Your reply should consist only of the lines from the one holding "Vitória (ES) –" to the last line of the data below, written out exactly and without pictures.

(Exercise data begins)

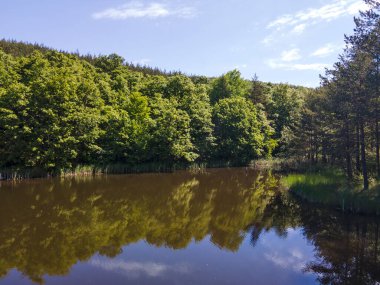 Sofya Bölgesi, Bulgaristan 'daki Lozenska Dağı' ndaki Sua Gabra Gölleri 'nin hava manzarası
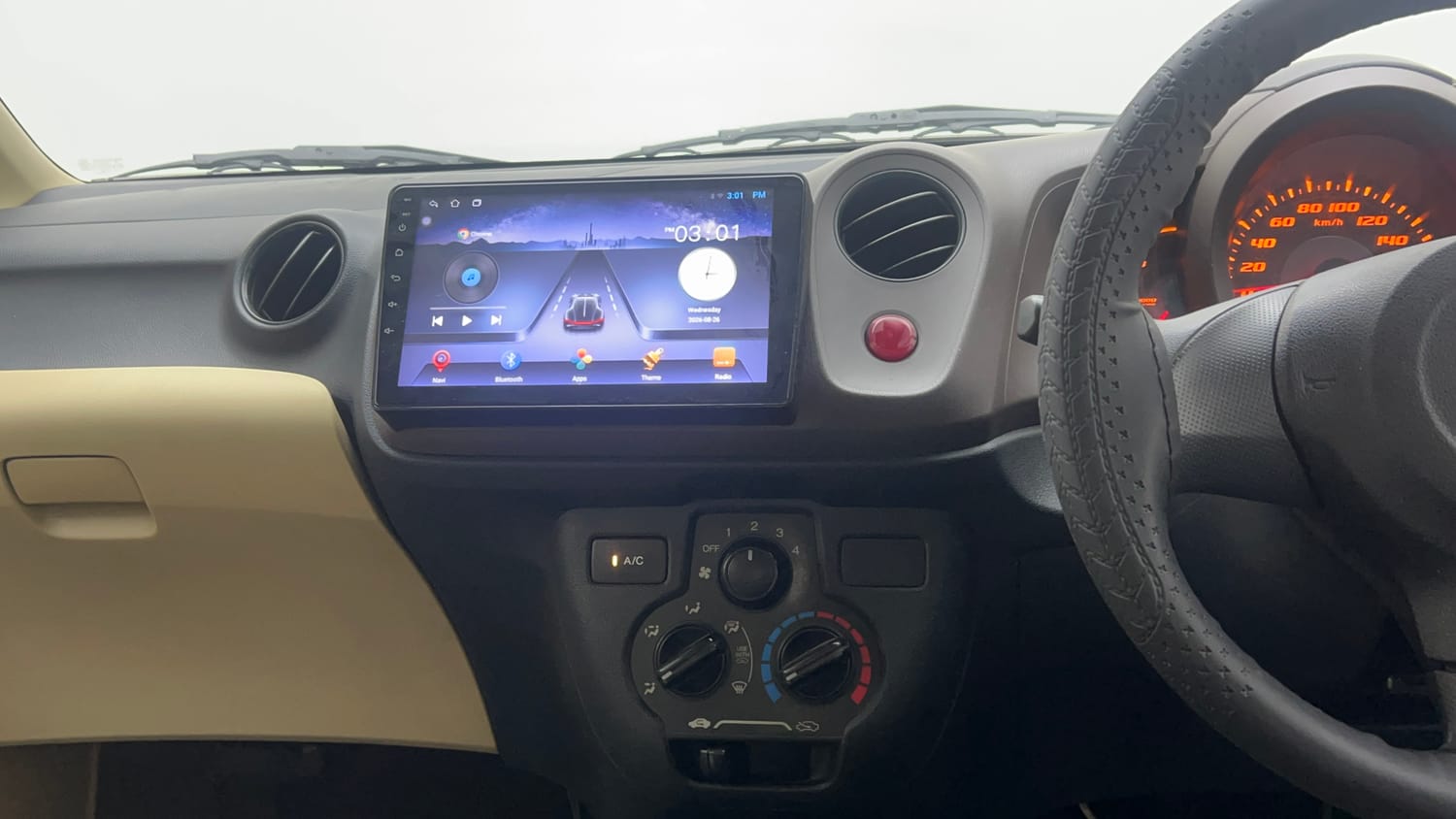 Used 2013 Honda Amaze 1.2 EX i-VTEC Petrol Manual interior MUSIC SYSTEM & AC CONTROL VIEW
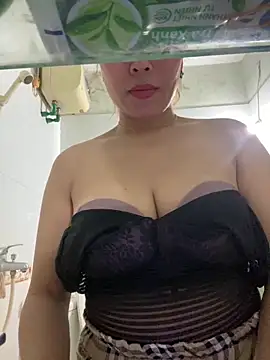 JucyLy online show from May 2026 03:55:02 PM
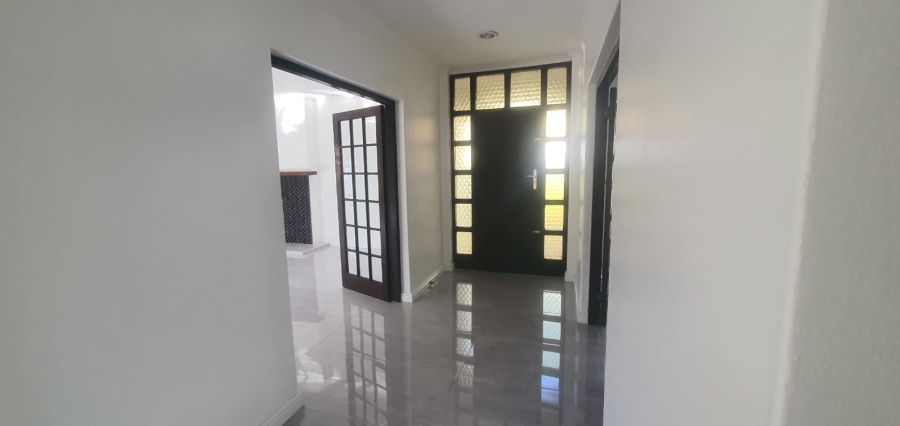 To Let 5 Bedroom Property for Rent in Constantia Western Cape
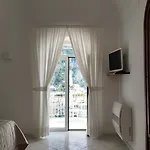 La Positanella - Bright Apartamento Positano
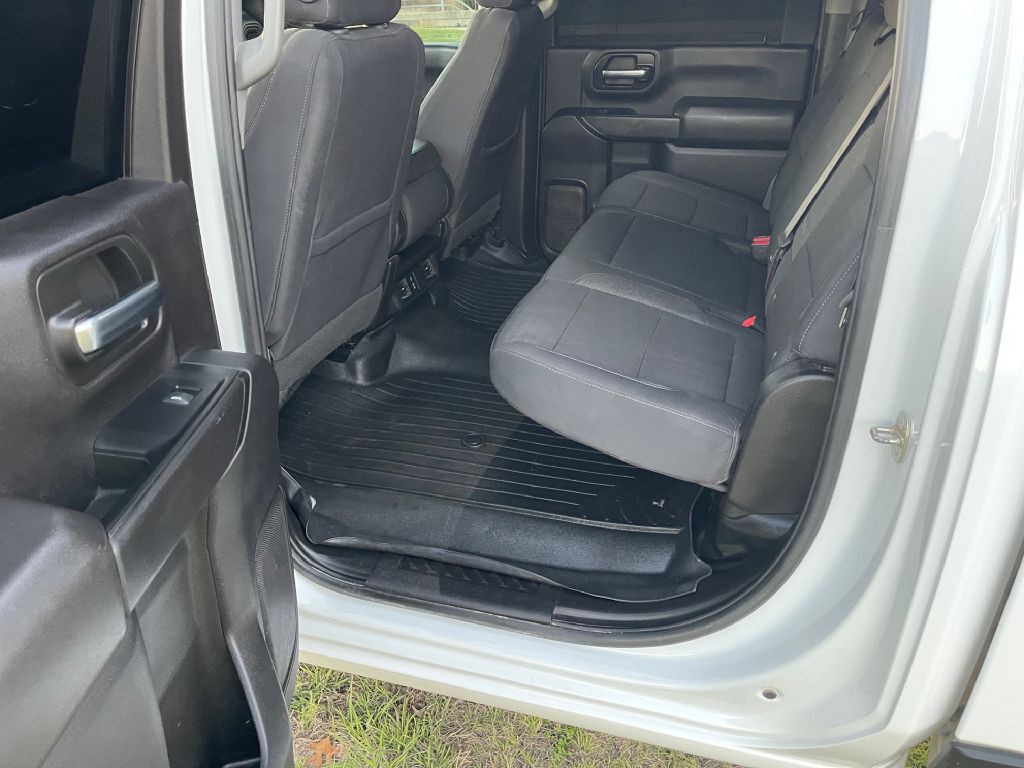 2024 GMC Sierra Image 13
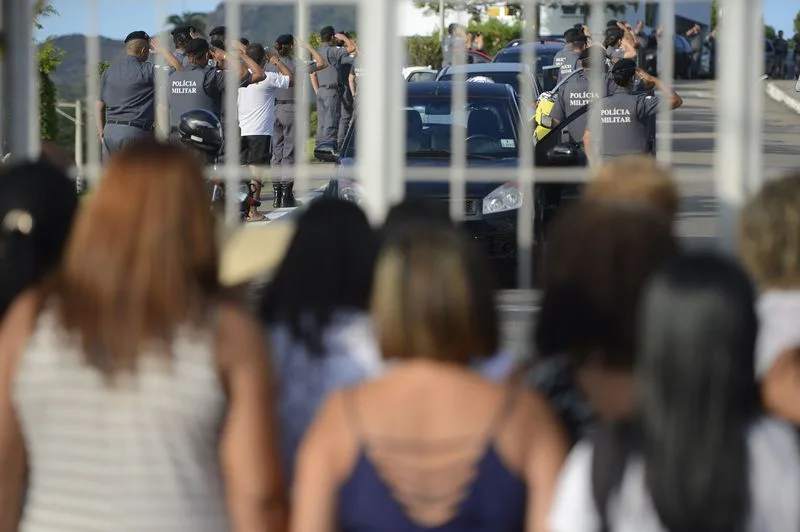 Vitória (ES) – Mulheres e familiares de policiais permanecem na saída do Comando Geral da Polícia Militar de Vitória e impedem a saída dos militares (Tânia Rêgo/Agência Brasil)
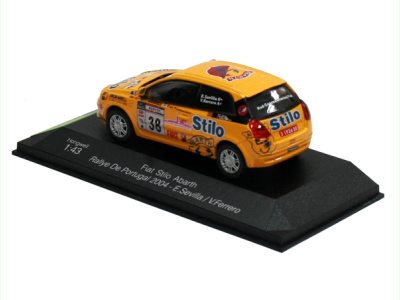 Cararama / Hongwell | M 1:43 | FIAT Stilo Abarth #38 Rallye De Portugal (2004) - E.Sevilla / V.Ferrero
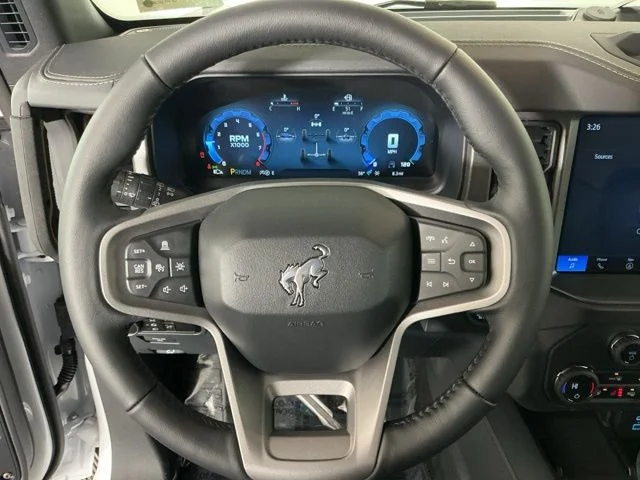 New 2025 Oxford White Ford Badlands image 18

(Exercise data ends)

▸ Your solution
 Vitória (ES) – Mulheres e familiares de policiais permanecem na saída do Comando Geral da Polícia Militar de Vitória e impedem a saída dos militares (Tânia Rêgo/Agência Brasil)
 Cararama / Hongwell | M 1:43 | FIAT Stilo Abarth #38 Rallye De Portugal (2004) - E.Sevilla / V.Ferrero
 New 2025 Oxford White Ford Badlands image 18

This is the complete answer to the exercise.